Czech scholar Bohumil Trnka (3.6.1895 in Kletečná – 14.2.1984 in Prague), professor of English and older English literature at the Faculty of Arts, Charles University, Prague, was one of the founders of the Prague Linguistic Circle (1926), its first secretary, and one of the most important representatives of the Prague Linguistic School.
The representative English-translated selection of Trnka’s fifty contributions to English, Czech and general linguistics, written in the years 1928-1978, was published by the Czech anglicist Fried (Trnka 1982).
This comprehensive volume covers all main fields of his linguistic research: general linguistics, synchronic phonology, historical linguistics (diachronic phonology and morphology), synchronic morphology, syntax and style, and last but not least, statistical linguistics. Trnka’s studies are a significant testimony to the development of linguistic thought in the twentieth century.
Below we would like to remember that one of Trnka’s favourite scientific topics was phonology: As early as in 1935 he published the first systematic phonological description of Modern English (which was – 31 years later – also published in Japan, 1966); he concentrated on the qualitative as well as quantitative analysis (functional load) of phonemes, both in the language system and in speech. In his research, he particularly emphasized one point: while the presence vs. the absence of an element in a language system is a matter of quality, the functional load of an element is a quantitative complementary feature. Also Trnka’s scientific contribution to structural and functional morphology, as well as to other levels (plans, subsys-tems) of language, to the theory of the linguistic sign, to the historical evolution of language, etc. is well-known.
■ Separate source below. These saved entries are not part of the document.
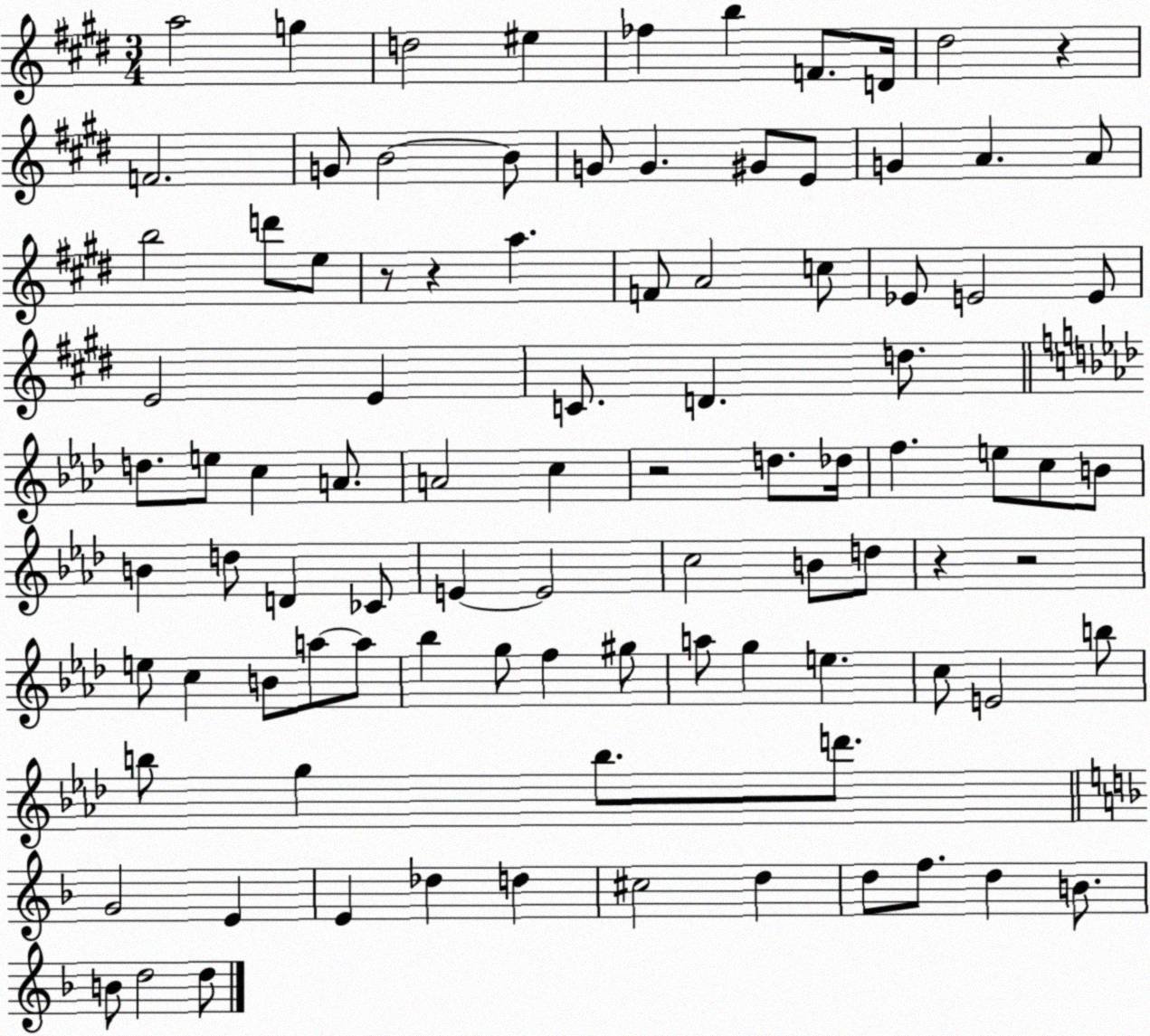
X:1
T:Untitled
M:3/4
L:1/4
K:E
a2 g d2 ^e _f b F/2 D/4 ^d2 z F2 G/2 B2 B/2 G/2 G ^G/2 E/2 G A A/2 b2 d'/2 e/2 z/2 z a F/2 A2 c/2 _E/2 E2 E/2 E2 E C/2 D d/2 d/2 e/2 c A/2 A2 c z2 d/2 _d/4 f e/2 c/2 B/2 B d/2 D _C/2 E E2 c2 B/2 d/2 z z2 e/2 c B/2 a/2 a/2 _b g/2 f ^g/2 a/2 g e c/2 E2 b/2 b/2 g b/2 d'/2 G2 E E _d d ^c2 d d/2 f/2 d B/2 B/2 d2 d/2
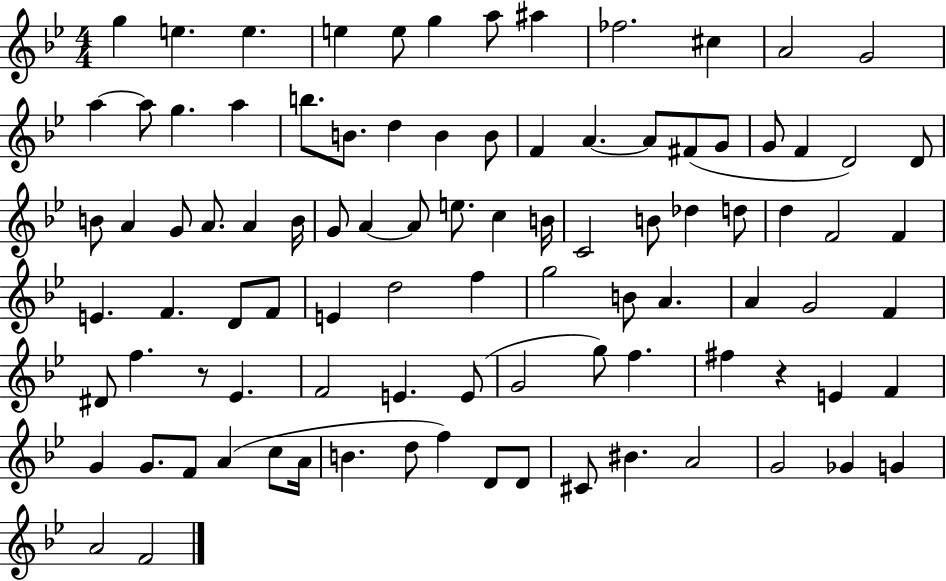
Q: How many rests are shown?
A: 2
Trnka was the author of the most comprehensive programmatic integration of quantitative studies in the Prague structuralist theory of language. He believed in the existence of general quantitative laws which govern the structure of all languages, and he considered attempts to formulate them as a major task of future quantitative linguistics. On the 6th International Linguistic Congress in Paris (1948), Trnka was one of the nine elected members of the committee for linguistic statistics, which was established at the congress to promote quantitative research. As the secretary of this committee, he began to organize the work in accordance with the recommendations of the Congress, by starting to compile „a provisional bibliography“ of „works devoted specially to the statistical method in linguistic matters“ for early publication with financial aid provided by UNESCO. This bibliography is the first bibliography of quantitative linguistics ever (Trnka 1950a): it includes 235 items divided into ten sections:
I. General works on linguistic statistics.
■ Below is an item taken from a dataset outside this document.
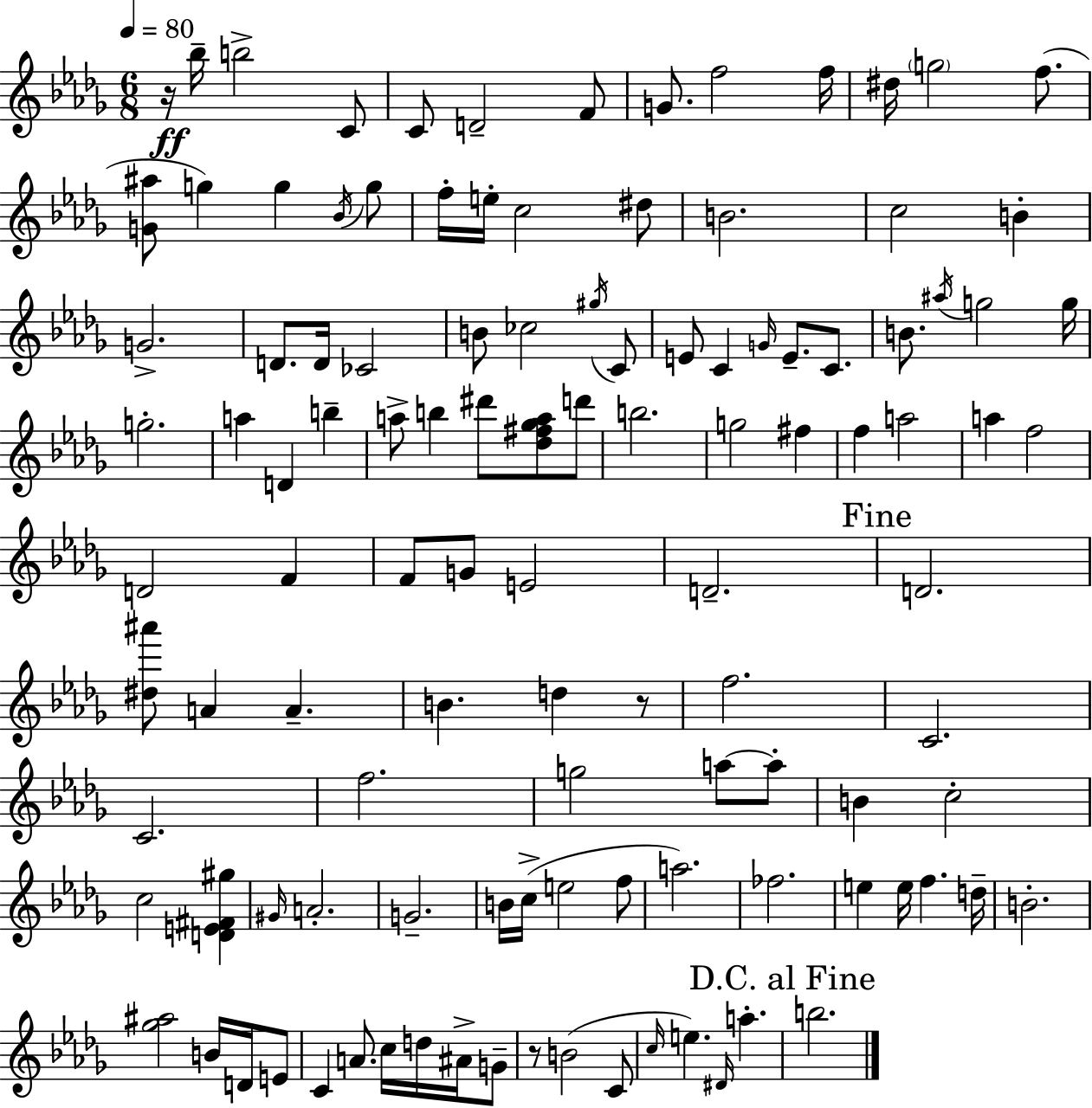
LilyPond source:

II. Frequency of phonemes. General laws of phonemic frequency.
III. Frequency of words and general laws of their distribution.
IV. Frequency dictionaries and frequency word counts for the purpose of learning modern languages.
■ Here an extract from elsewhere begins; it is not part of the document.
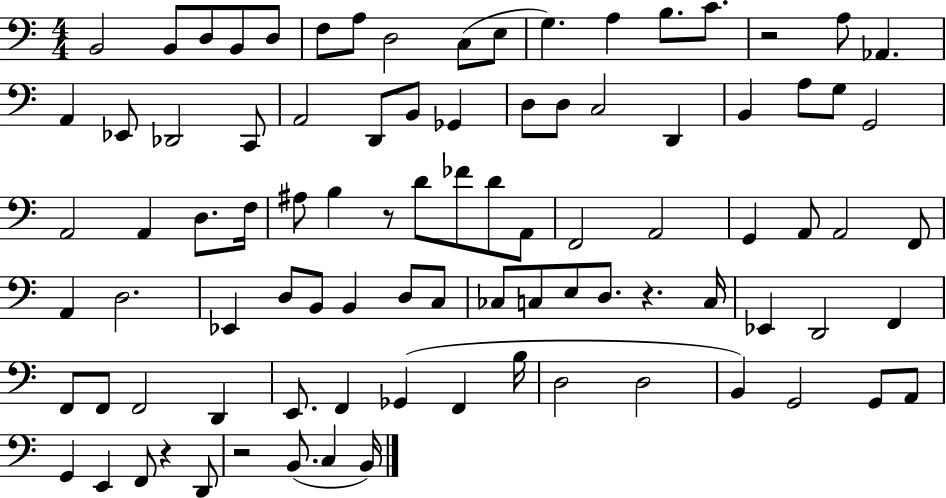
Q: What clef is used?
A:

V. Morphological, syntactic, metrical and semantic studies based on counts.
VI. Concordances and word frequency counts in vocabularies referring to individual authors.
VII. Statistical studies preparatory to the construction of auxiliary languages or to the rationalization of spelling. Basic English.
VIII. Statistical study preparatory to the construction of shorthand and typewriter systems. Telephone conversations.
IX. The growth of the vocabulary of children’s speech . Schizophrenic language.
X. Statistical studies referring to problems of historical grammar and classification of languages.
It is worth mentioning that among those who collaborated with Trnka on the bibliography was another member of the committee for quantitative linguistics, G.K. Zipf. Trnka also re-viewed Zipf’s studies: he was the first to acquaint Czech linguists with Zipf’s work (1950b). Trnka pointed out the independence of and the differences between the starting points and aims of the Prague School's and Zipf’s quantitative researches. He was certainly not wrong when he highly praised Zipf’s work in his English review on the one hand, expressing his conviction that “it will not fail to influence the linguistic thought of today” (1950: 5), nor was he wrong when, on the other hand, he stressed that Zipf’s laws were only partially applicable, and when he demanded that they be revised. He accurately described Zipf’s contribution showing the advantages of a statistical method compared with qualitative analysis in the sense that statistical analysis “is being able to afford to neglect the narrow limits of one language and to concentrate on linguistic problems of a general character”.
Comparing the picture of the modest title page of Trnka‘s bibliography with big bibliographies of quantitative linguistics compiled later on (either accessible in print or on the internet now), we can see and appreciate the enormous development of the field of quantitative studies during last decades.
- Trnka, Bohumil. 1935. A Phonological Analysis of PresentDay Standard English. Praha: Universita Karlova.
- Trnka, Bohumil. 1950a. A Tentative Bibliography. Utrecht etc.: Publication of the Committee of Linguistic Statistics.
- Trnka, Bohumil. 1950b. Review of: Zipf, G. K.. The psychobiology of language; Human behavior and the principle of least effort. In: Časopis pro moderní filologii 33. 3-5.
- Trnka, Bohumil. 1982. Selected papers in structural linguistics. (Ed. V. Fried.). Berlin: Mouton.